Section 4. Any member, officer or agent may be removed by the Board of Directors whenever, in its judgment, the best interest of the Corporation will be served thereby, but such removal shall be without prejudice to the contract rights, if any, of the persons so removed. Election or appointment of member, officer or agent shall not of itself create contract rights, and such appointment shall be terminable at will.                                                                                                                      
Section 5.    The Board of Directors shall:
A.  Transact all business of the organization or designate committees or individuals to transact business.
B.  Special meetings of the Board of Directors may be called by or at the request of the President or any two Directors. The person or persons authorized to call special meetings of the Board of Directors may fix the place for holding any special meeting of the Board of Director call by them.
C.  Take no action that conflicts with actions approved by the general membership.
D.  Designate someone to audit the financial records of the organization.
E.  Approve, by December 15, a budget for the organization for the new calendar year beginning January 1.
Section 6.    Ex-Official Board Members
A.   Past Presidents.

ARTICLE VI: ELECTION AND TERMS
Section 1.   The election of officers shall be held each year in January.      

 Section 2.  Only members, active members with dues paid for at least a year prior to election are eligible to hold office.

Section 3.   Elected officers serve a one-year term.

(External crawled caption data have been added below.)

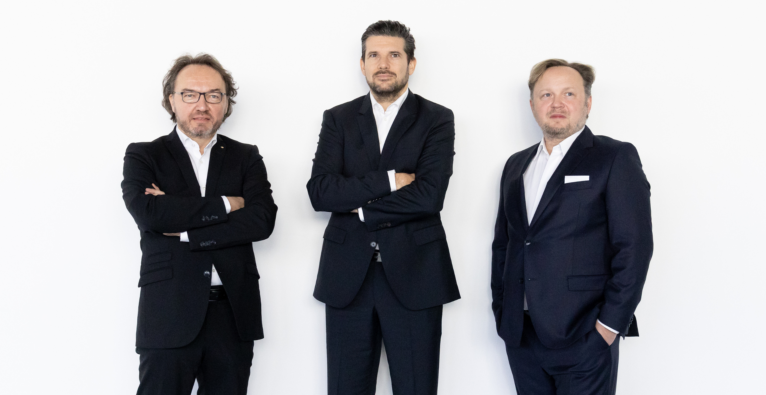 Das Emerald-Horizon-Management (vl.) Mario J. Müller (Vice President R&D), Philipp Pölzl (Vice President Operations) und Florian Wagner (CEO) | © Wolf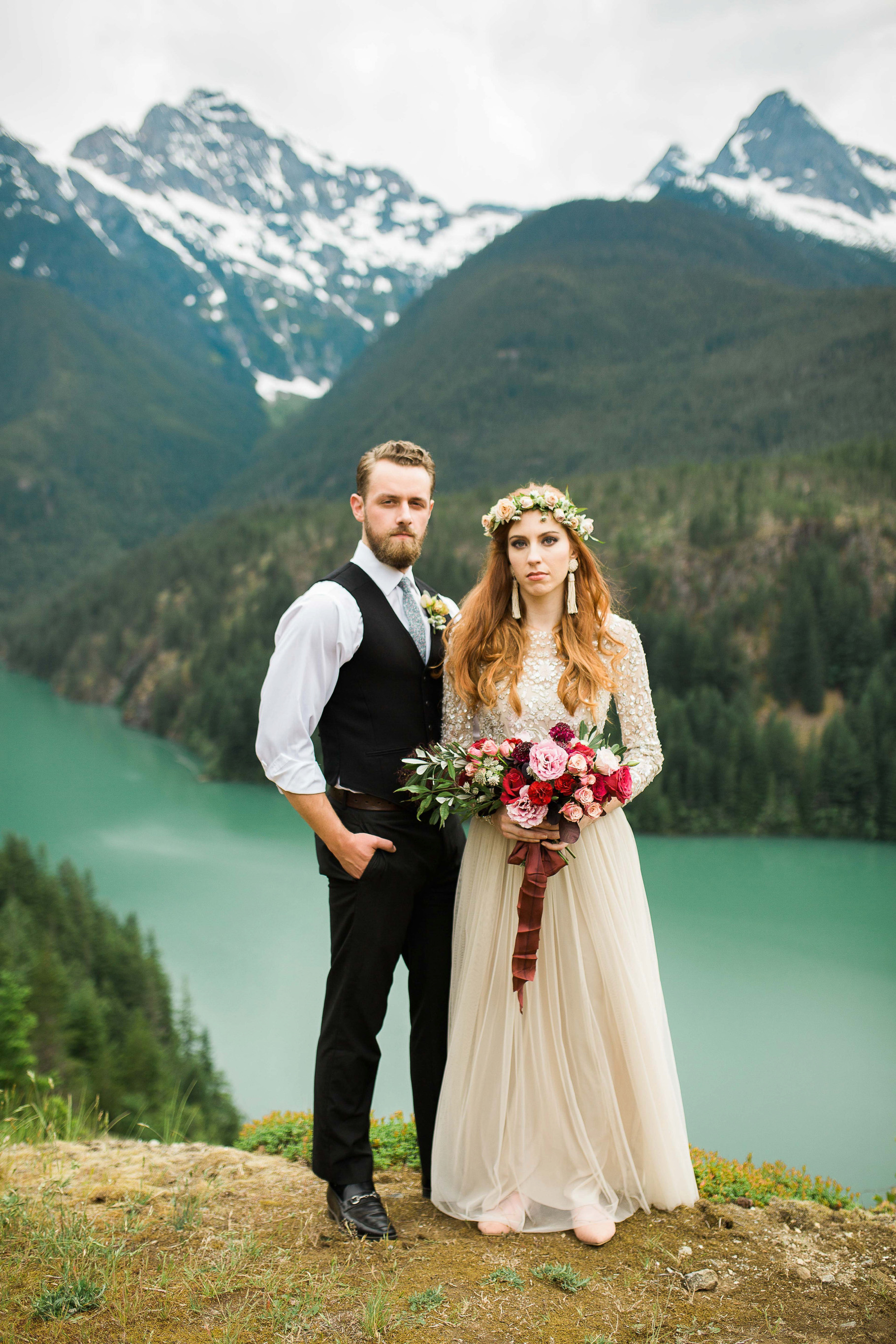 diablo-lake-elopement-seattle-wedding-photographer-bhldn-photography-hiking-adventure_0015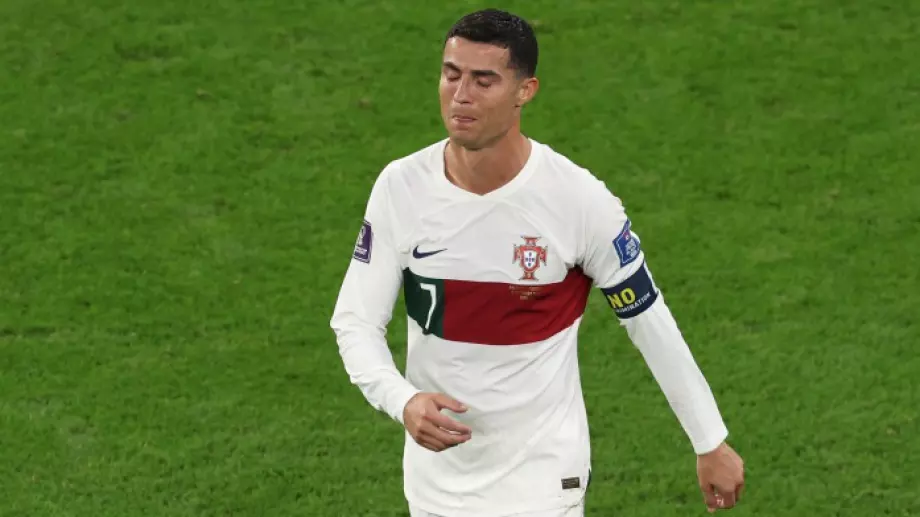 ВИДЕО: Роналдо напусна терена облян в сълзи след разочароващото отпадане на Португалия от Мондиал 2022
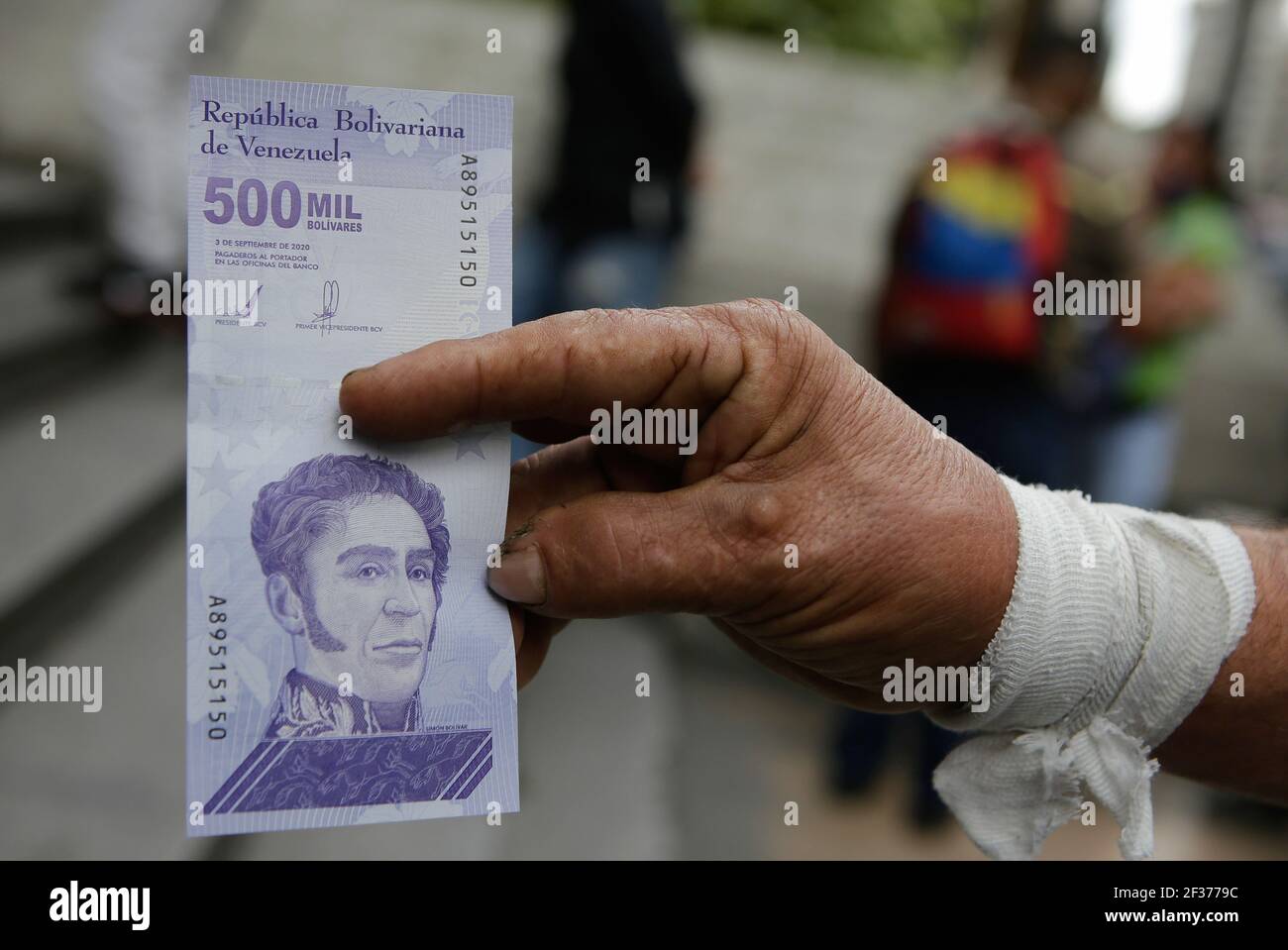Venezuelan bolivares 500 hires stock photography and images Alamy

Section 4.   The President shall appoint a nominating committee each November. The President shall not serve as a member of the committee.                                                                  

     Section 5.   The nominating committee shall make out a slate of officers, and the chairperson of the committee shall present it to the organization at the December meeting.
Section 6.   Eligible members shall also be able to submit names of eligible members to the nominating committee up to and including nominations from the floor the day of the election.

ARTICLE VII: MEETINGS
Section 1. Monthly meetings will be held on the first Saturday of each month, unless otherwise designated, and at a location to be designated by the President.
Section 2. An Annual meeting will be held at a time specified by the Board of Directors.          

       Section 3. The Board of Directors shall meet no less than quarterly to conduct business of the organization, and two-third of the elective officers must be involved in every meeting.                     


Section 4. A quorum for a meeting of the membership shall consist of a minimum of eight (8) dues paying members.

ARTICLE VIII: COMMITTEES

Section 1. The standing committees of the organization shall be: Public Relations, Membership, Constitution and by-laws, and Program Education.
Section 2. The President, with the approval of the Board, may appoint standing committee chairpersons.
Section 3. All standing committees shall prepare annual reports and submit them to the President.

Section 4. Public Relations Committee
The Public Relations Committee shall be responsible for the development and distribution of flyers, brochures, graphics, including logos, and other items to be used by the media or be the organization to publicize or improve the image of the organization. The Public Relations Committee will work closely with the Program Committee to ensure the success of all planned programs. The Public Relations Committee shall work closely with the newsletter staff.

Section 5. Membership Committee
The membership committee shall maintain an accurate list of all financial members of the organization and conduct vigorous membership campaigns. The committee is also charged with the following responsibilities: (1) Reminding members of dues payable. (2) Developing membership packets and keeping them updated as information changes. (3) Introducing new members to the organization and formally presenting them with a membership card and membership packet.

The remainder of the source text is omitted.